Another junkie memoir on the pile?

Not at all.


Whose gun?

The night and the gun of the title are details plucked, like shrapnel, from his dim history: evidence that something happened, it's just that the something isn't so clear. They are elements of an anecdote he's carried as fact for two decades, a formative memory on which the book -- and his life -- turn. Who had the gun?: "[I]f I can't tell a true story about one of the worst days of my life," he writes, "what about the rest of those days, that life, this story?"

Carr went back to his friend Donald to compare notes. Their versions of that night dramatically diverged, as Carr writes: " 'I never owned a gun,' he said. 'I think you might have had it.' " And that set Carr on the road to find out what else was misremembered or had gone missing.
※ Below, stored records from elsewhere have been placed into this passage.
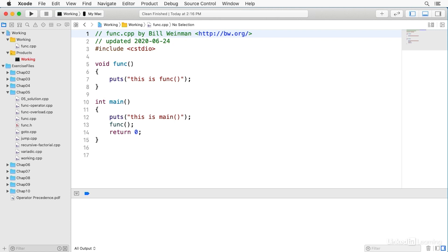Creating your own functions is a fundamental part of C++ programming. It's also the basis of methods and classes. So let's take a look at how to create a function in C++.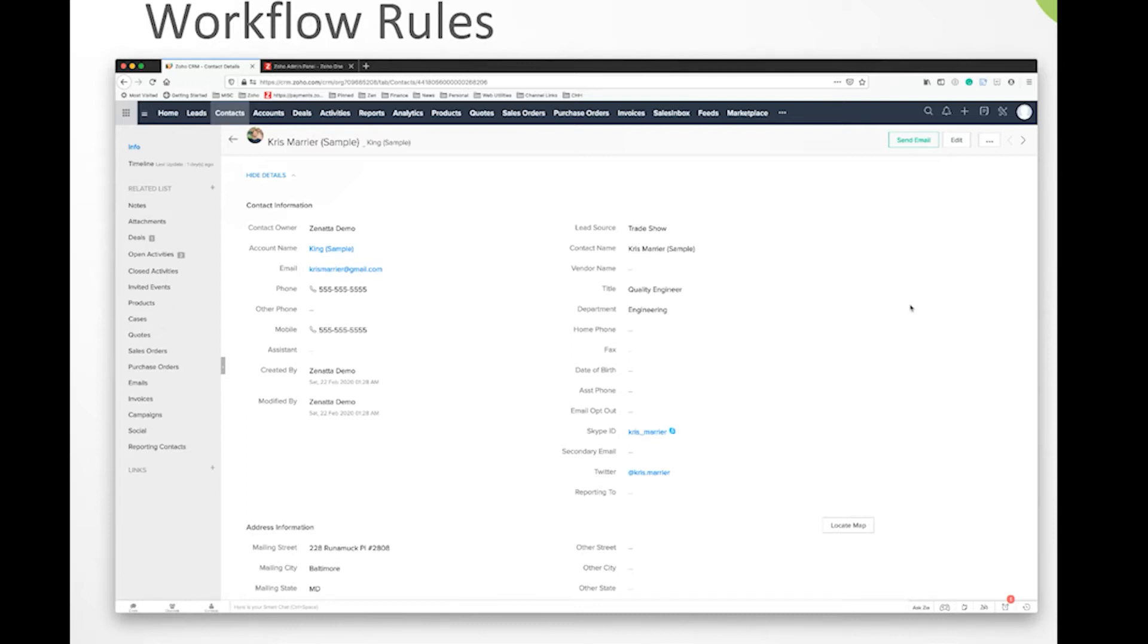Workflow rules allow you to automate your entire back end process for a variety of things based upon record actions, field actions, you name it. There are so many different things you can do that can trigger these workflow rules.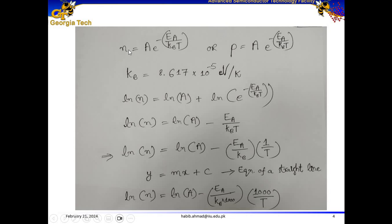Now, assume an N-type semiconductor. This equation can be rewritten by taking the natural log on both sides. Natural log of N equals natural log of A plus natural log of the exponential term. Since the natural log cancels with the Euler exponent, our equation reduces to: ln(N) = ln(A) − Ea / (K_B · T).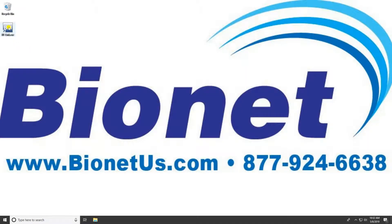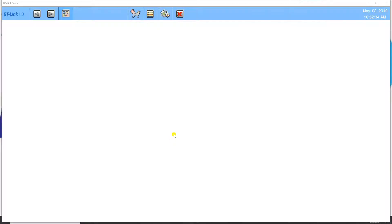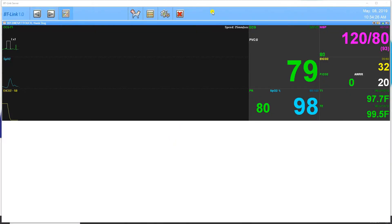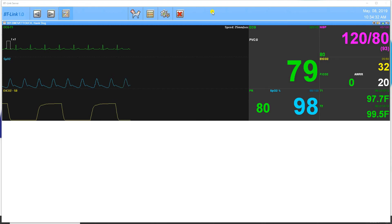On your desktop computer, double-click the BT-Link icon to start the program. Within 10 to 20 seconds, you should see the information from your patient monitor on the screen. You now have successfully connected BT-Link with your Bionet patient monitor.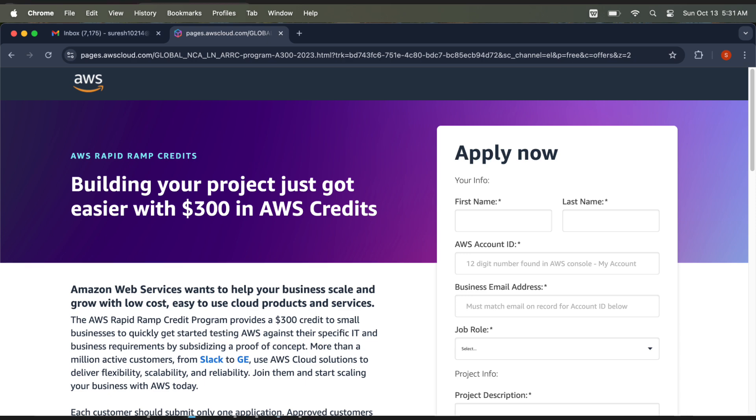Once your reason is okay for them, they will give you 300 dollars that you can use for six months. Enter your first name and last name.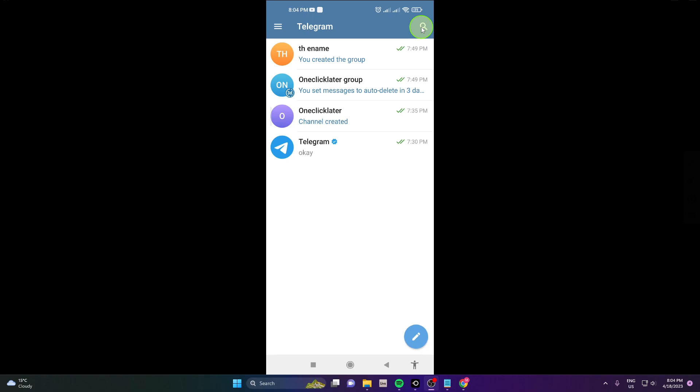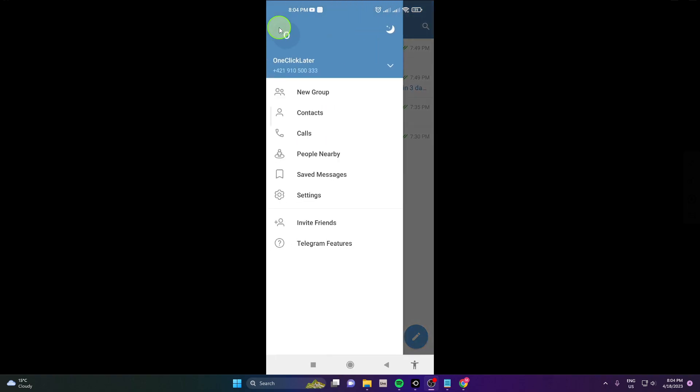So when you open the Telegram application click on these three horizontal lines here. Click settings.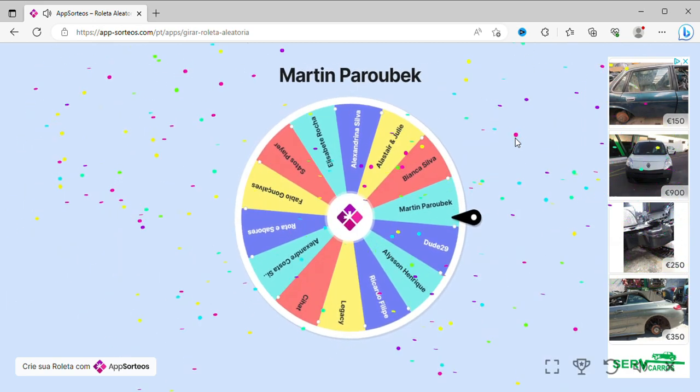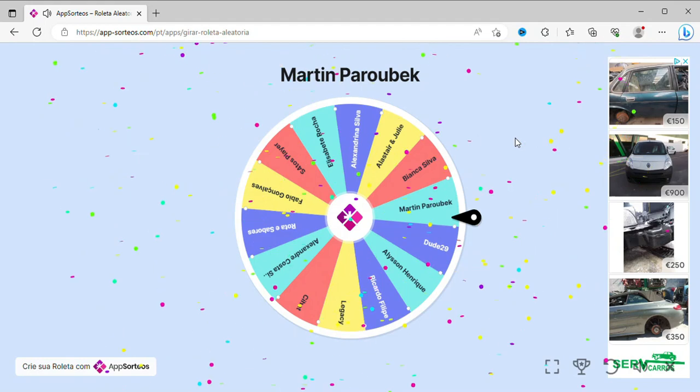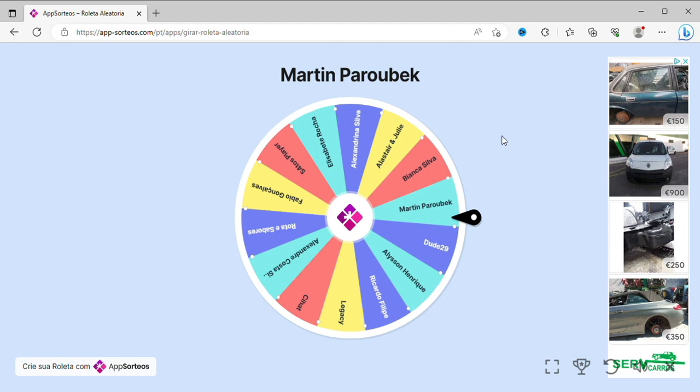The first name is Martin Parobek. Martin, congratulations, don't forget to email me.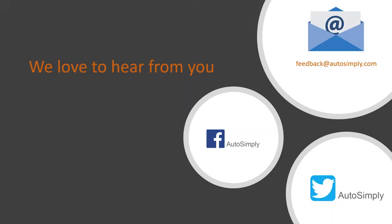So, what you can do today is go to Google Play, install the app, try it out, show it to your customers and prospects, and let us know what you think. So, send us an email on what you think about the app, and follow us on Facebook and Twitter. Stay up to date with what's new at AutoSimply. Thank you very much.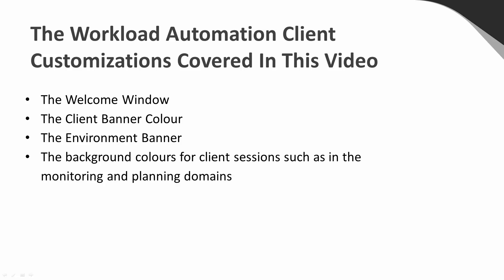Amongst other things, these settings can be particularly useful in helping users that access multiple environments know at a glance which one they are logged onto. We will now go to a version 9 Workload Automation client.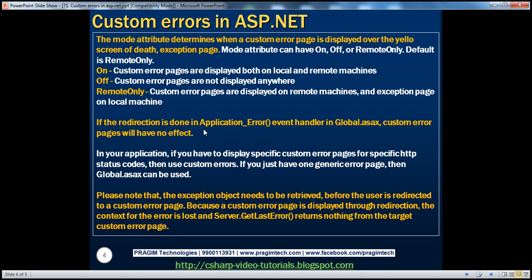If the redirection is done in Application_Error in global.asax, custom error pages in web.config will have no effect. Also, please note that the exception object needs to be retrieved before the user is redirected to a custom error page. Because a custom error page is displayed through redirection, the context of the error is lost and Server.GetLastError returns nothing from the target custom error page.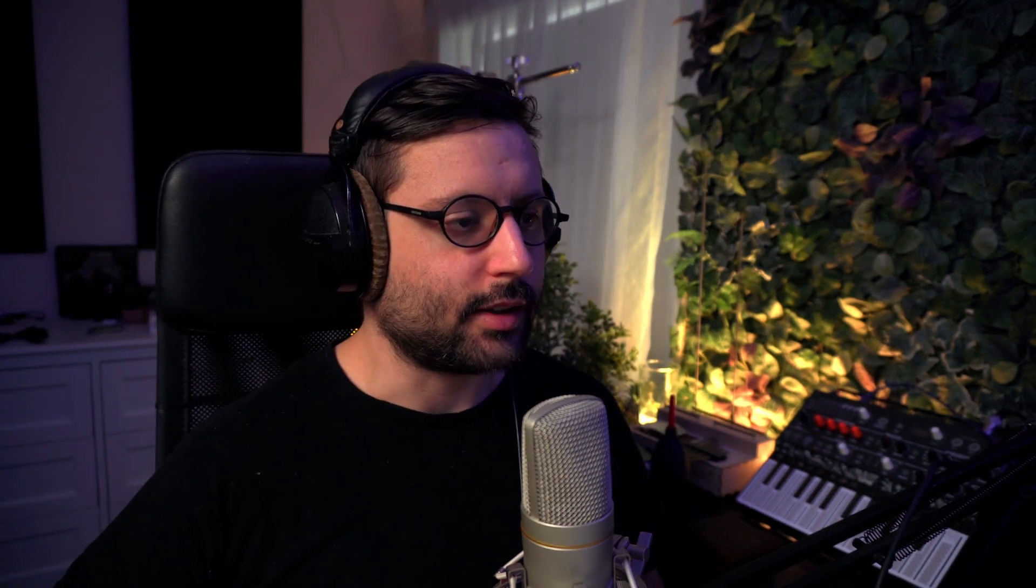So first we're going to have a listen to the rack. Then I will recreate a drink from scratch and give you a lot of tips and advice. Because what is important with this type of sound is like a pretty basic sound, but there is a lot of little detail that you can add to really make it stand out and make it original and not flat and boring. And then after I will explain what the macro does. So yeah, let's have a listen.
Carr's literary conceit was to dig. To go out and report his story as he would an investigative chops-busting profile. "I want to put things in context, but I'm not going to cut this guy slack nohow," he says in a voice full of scratch and struggle, as worn as a tired hinge. And dig deep he did, gathering string: police documents, snapshots, newspaper clips, psychiatric evaluations. He stirs up unresolved business with ex-lovers, old bosses, family members, mentors, former dealers and recovery buddies.

"I really didn't have a good idea what an embarrassing activity -- experience -- it would be. It's like, knock back and say: 'See that huge scar on your shoulder? Do you mind tearing that off? . . . Oh, and by the way, I'm going to start this video camera,' " he says, removing his ink-black Ray-Bans before settling in across the table, now on the other side of the microphone. It's another quick spin through his life's debris before a recent L.A. reading.

"After I left, I'm sure they just said, 'What in the hell was that about? What is that guy doing?' " Soon he began to wonder the same thing, but only briefly. He thought it too risky to let that thought snake around the brain too long.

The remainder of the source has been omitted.